(Records shown)
▽

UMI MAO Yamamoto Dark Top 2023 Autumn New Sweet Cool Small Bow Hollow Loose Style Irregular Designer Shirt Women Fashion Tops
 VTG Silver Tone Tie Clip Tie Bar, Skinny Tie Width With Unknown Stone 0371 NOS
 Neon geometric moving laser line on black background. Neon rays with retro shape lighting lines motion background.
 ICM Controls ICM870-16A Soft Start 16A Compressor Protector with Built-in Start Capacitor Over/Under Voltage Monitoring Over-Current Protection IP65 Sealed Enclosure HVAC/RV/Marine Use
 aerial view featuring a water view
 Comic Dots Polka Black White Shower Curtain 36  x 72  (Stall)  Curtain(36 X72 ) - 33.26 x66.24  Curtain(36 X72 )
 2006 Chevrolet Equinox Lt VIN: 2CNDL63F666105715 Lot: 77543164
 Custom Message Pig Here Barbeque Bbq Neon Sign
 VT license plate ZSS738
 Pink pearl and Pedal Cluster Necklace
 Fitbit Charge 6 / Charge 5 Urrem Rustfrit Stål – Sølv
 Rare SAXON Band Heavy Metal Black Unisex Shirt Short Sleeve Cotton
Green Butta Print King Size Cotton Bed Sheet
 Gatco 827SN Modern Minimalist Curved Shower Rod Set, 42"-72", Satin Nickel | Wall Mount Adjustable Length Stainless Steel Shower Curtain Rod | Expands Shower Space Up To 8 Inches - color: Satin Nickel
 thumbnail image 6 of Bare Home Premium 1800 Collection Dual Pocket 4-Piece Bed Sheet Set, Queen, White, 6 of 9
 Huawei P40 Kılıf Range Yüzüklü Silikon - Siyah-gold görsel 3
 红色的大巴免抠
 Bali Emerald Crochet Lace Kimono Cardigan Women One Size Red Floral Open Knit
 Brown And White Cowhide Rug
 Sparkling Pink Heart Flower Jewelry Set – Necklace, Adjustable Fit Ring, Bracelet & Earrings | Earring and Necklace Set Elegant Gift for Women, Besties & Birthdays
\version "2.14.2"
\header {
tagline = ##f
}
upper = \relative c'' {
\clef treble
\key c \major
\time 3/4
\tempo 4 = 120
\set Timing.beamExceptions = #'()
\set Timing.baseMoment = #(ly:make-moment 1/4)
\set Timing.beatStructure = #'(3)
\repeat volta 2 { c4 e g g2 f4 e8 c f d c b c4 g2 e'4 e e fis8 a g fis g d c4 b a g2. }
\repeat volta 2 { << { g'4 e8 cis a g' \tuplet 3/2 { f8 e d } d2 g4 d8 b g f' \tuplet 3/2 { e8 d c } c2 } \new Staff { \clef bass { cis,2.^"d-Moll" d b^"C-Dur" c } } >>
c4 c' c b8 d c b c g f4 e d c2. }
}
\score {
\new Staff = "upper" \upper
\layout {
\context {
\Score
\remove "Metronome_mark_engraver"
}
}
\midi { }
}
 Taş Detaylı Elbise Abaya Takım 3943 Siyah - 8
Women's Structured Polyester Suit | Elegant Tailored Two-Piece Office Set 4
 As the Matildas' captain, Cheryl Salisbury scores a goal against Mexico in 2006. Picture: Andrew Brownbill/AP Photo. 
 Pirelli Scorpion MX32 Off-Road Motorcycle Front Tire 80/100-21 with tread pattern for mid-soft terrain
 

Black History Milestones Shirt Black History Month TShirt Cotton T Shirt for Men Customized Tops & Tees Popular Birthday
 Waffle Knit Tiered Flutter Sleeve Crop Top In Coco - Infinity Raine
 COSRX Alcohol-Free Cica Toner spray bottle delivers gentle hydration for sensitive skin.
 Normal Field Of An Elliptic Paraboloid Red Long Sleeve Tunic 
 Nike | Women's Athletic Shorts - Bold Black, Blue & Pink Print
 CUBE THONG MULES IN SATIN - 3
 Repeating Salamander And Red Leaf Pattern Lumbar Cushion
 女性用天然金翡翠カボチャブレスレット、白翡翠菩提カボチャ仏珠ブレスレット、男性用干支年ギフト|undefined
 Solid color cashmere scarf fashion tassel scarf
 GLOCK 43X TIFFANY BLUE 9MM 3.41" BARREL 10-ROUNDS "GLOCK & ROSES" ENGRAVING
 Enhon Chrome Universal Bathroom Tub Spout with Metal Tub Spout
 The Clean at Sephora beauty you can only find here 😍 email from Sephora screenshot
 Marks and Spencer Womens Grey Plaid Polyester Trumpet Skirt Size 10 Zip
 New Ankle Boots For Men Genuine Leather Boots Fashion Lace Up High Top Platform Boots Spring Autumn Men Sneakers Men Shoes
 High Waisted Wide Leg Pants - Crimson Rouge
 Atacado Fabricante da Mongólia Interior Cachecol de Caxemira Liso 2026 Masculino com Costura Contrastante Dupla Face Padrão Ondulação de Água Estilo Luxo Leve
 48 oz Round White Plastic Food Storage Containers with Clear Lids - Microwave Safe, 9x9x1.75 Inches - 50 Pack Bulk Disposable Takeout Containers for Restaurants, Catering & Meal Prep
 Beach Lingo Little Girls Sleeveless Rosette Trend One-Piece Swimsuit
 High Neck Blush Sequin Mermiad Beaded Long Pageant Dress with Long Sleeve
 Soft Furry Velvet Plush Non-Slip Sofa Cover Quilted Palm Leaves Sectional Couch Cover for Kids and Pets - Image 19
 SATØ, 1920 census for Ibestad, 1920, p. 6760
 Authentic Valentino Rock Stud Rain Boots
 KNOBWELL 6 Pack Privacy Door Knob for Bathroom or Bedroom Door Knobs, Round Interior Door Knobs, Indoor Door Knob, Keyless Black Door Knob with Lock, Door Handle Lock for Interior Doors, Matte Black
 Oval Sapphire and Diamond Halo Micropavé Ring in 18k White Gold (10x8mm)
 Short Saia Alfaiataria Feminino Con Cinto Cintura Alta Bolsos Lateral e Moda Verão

△

Set down only the lines above that fall between the line holding "New Ankle Boots" and the line holding "High Neck Blush", inclusive, keeping each exact.

(Output below)
 New Ankle Boots For Men Genuine Leather Boots Fashion Lace Up High Top Platform Boots Spring Autumn Men Sneakers Men Shoes
 High Waisted Wide Leg Pants - Crimson Rouge
 Atacado Fabricante da Mongólia Interior Cachecol de Caxemira Liso 2026 Masculino com Costura Contrastante Dupla Face Padrão Ondulação de Água Estilo Luxo Leve
 48 oz Round White Plastic Food Storage Containers with Clear Lids - Microwave Safe, 9x9x1.75 Inches - 50 Pack Bulk Disposable Takeout Containers for Restaurants, Catering & Meal Prep
 Beach Lingo Little Girls Sleeveless Rosette Trend One-Piece Swimsuit
 High Neck Blush Sequin Mermiad Beaded Long Pageant Dress with Long Sleeve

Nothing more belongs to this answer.